Sobotka, whom the Braves took in the fourth round of the 2014 draft, defined his 2017 as “terrible.” Across two levels, he produced a 6.09 ERA with a 52:32 strikeout-to-walk ratio in 57-2/3 innings. Understandably, he wasn’t viewed as much of a prospect at that point.
“I tried to make some adjustments (changing his slider grip) that allow me to do some things, and it just didn’t work out,” he said. “I knew I had the ability in me. I’m just glad the Braves gave me another shot to come back in 2018 — not to prove everyone wrong, but prove them right, show them why they took me in the draft when I was hurt. It’s an awesome feeling and hopefully I can build off that.”

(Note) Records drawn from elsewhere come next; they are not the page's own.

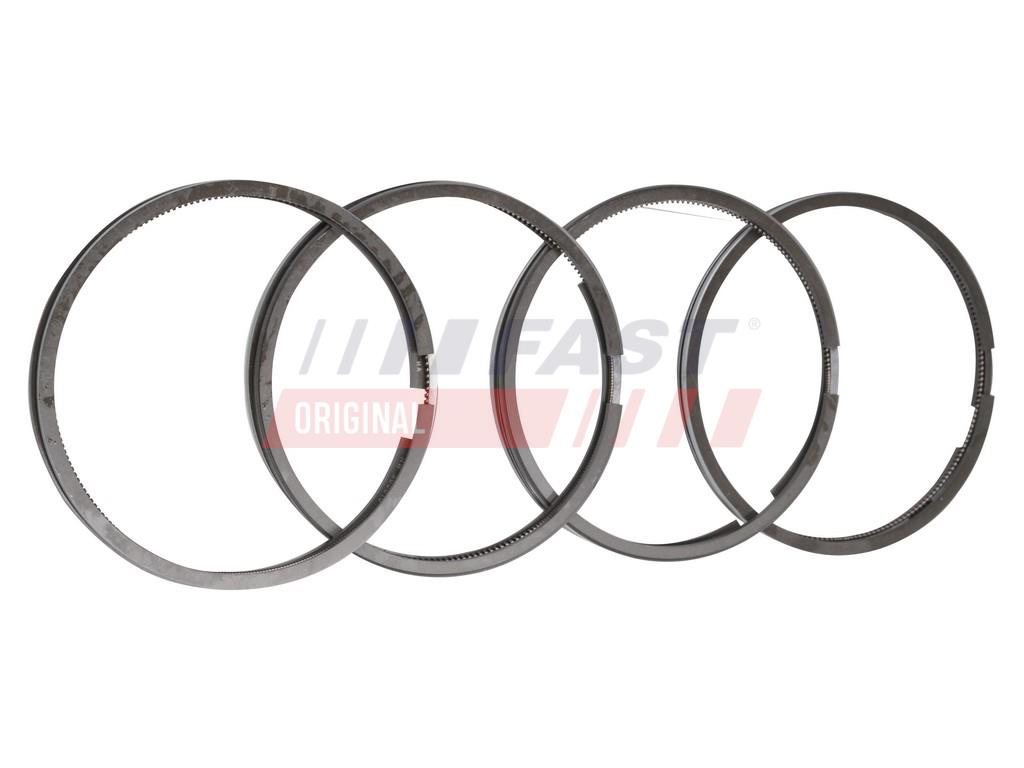 Segments de piston pour Iveco Daily — FT47351/1 — vue 1
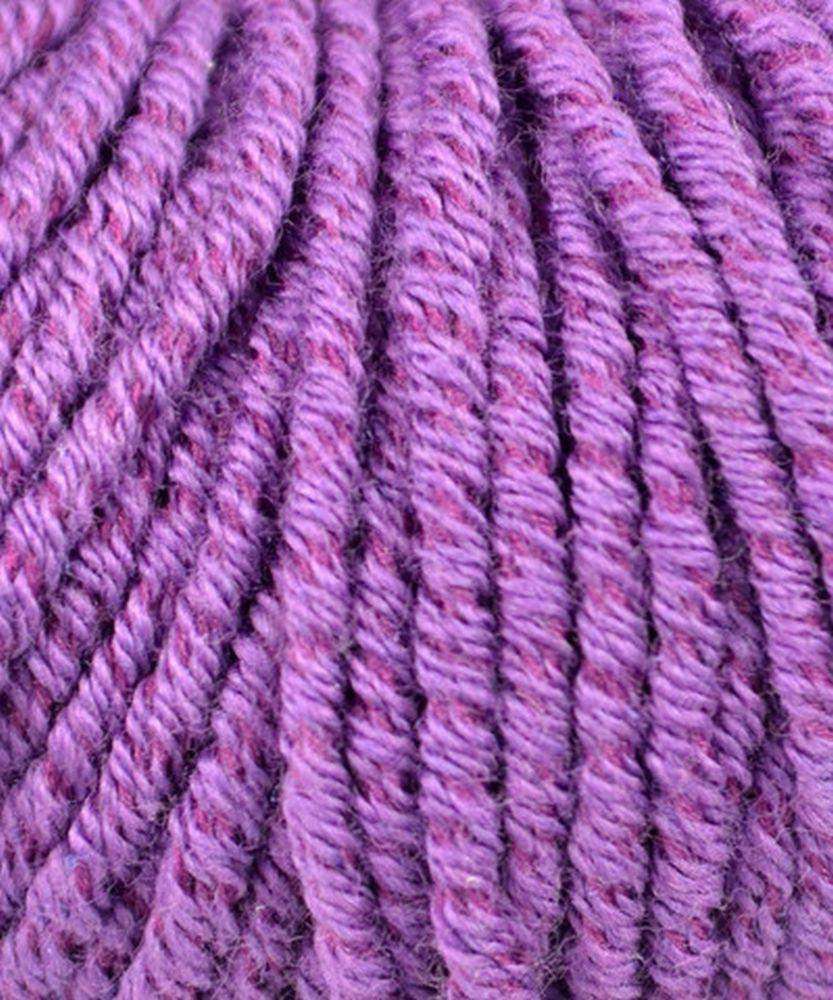 HiKoo CoBaSi Plus-Yarn-Skacel-061 Grape Jelly-Alpaca Direct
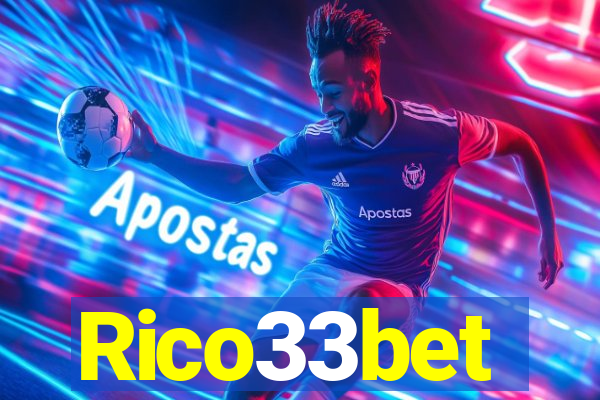 Rico33bet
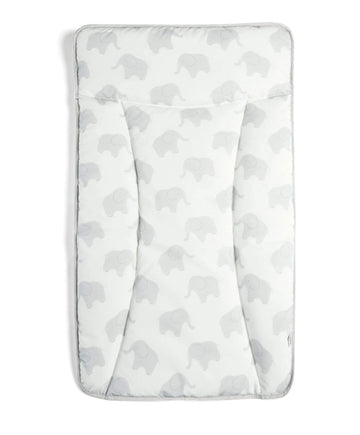 Mamas & Papas Essentials Changing Mat - Elephant Family | Prenatal, Babies, Nusring, Cybex, Avent Changing Mat
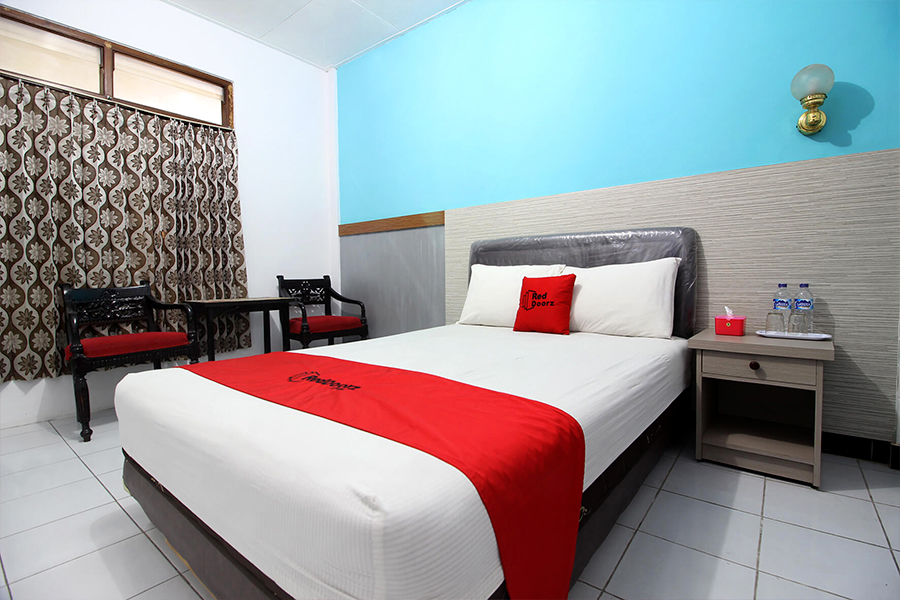 Hotel Surya Putri by RedDoorz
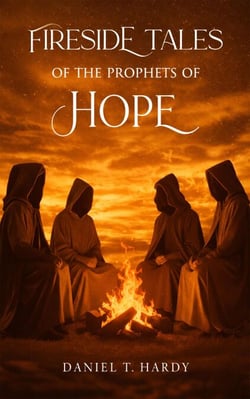Fireside Tales of the Prophets of Hope - Fireside Tales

As Sobotka focused more on his body the past couple of years, his velocity increased. His “stuff” has always been there; for him, it was a matter of confidence.
He credits the Braves’ analytics team for proving he has a strong repertoire. He figured out he didn’t always need to be perfect – that simple mental difference, he said, helped his ascension take off.

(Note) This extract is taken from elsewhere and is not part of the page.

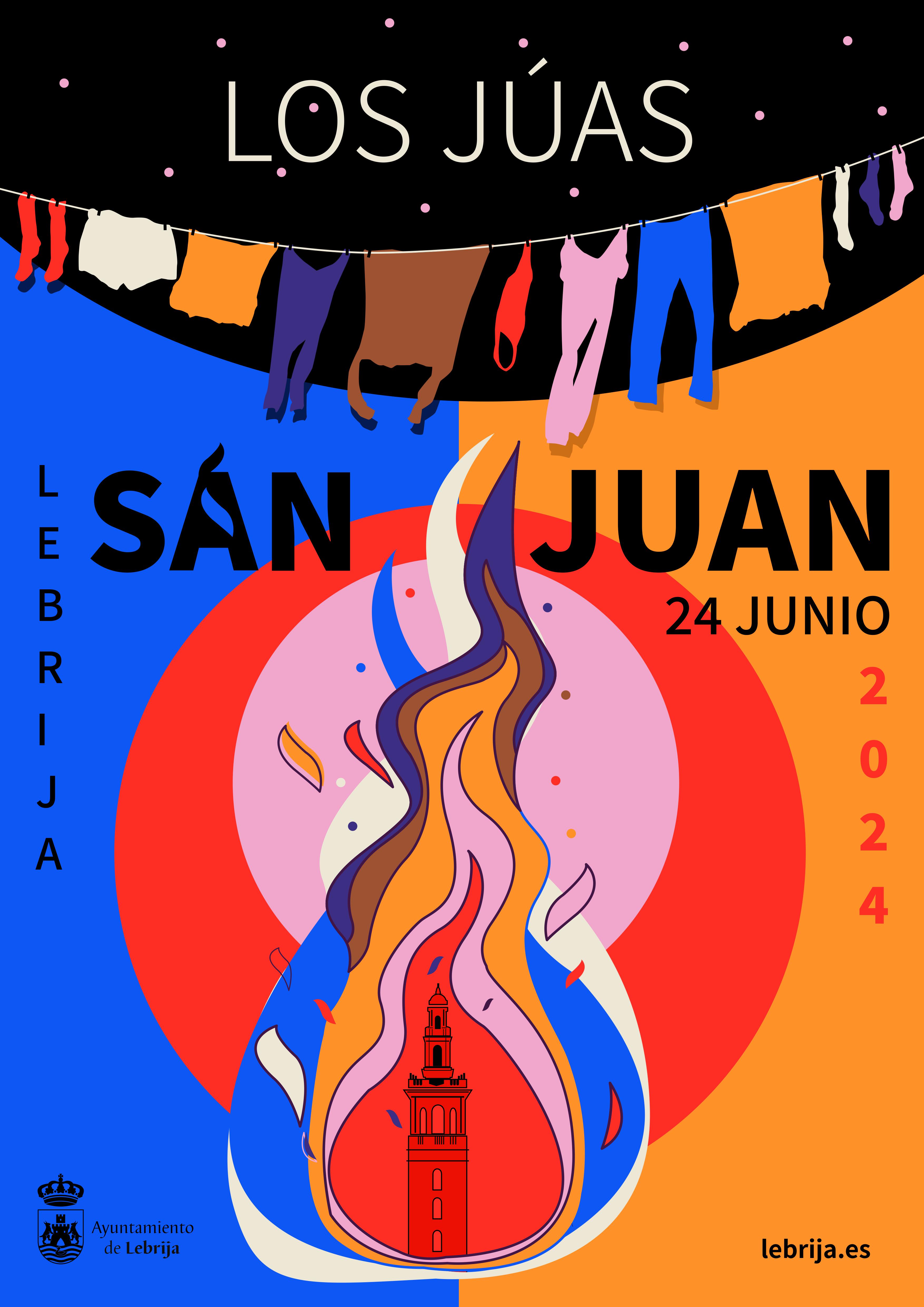 2024 JUAS SAN JUAN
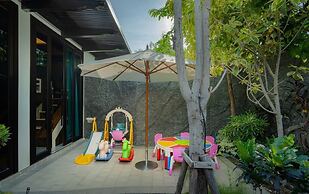 Amara Private Villa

“It’s crazy what a (difference) a year can make,” Sobotka said. “I reflect what I did well last year. Everything did kind of click for me. I look back and realize how far of a jump I made, what was the biggest difference in me. Basically it came out to my confidence in myself and my abilities. I found out the pitcher I was.
“Even in the majors, I told myself not to change anything. I’m meant to be here. They called me up for a reason.”
It remains to be seen how Sobotka will fit into the team’s plans. Arodys Vizcaino and A.J. Minter, when healthy, figure to share closer duties. Sobotka could certainly work his way into that mix, but the task at hand is simply making the ballclub.
“It’s a great feeling to be here, and I’m trying to do everything I can to make the team,” Sobotka said.
And given how he’s progressed in two seasons, he might become an even more valuable asset for a Braves bullpen that would welcome more flamethrowers.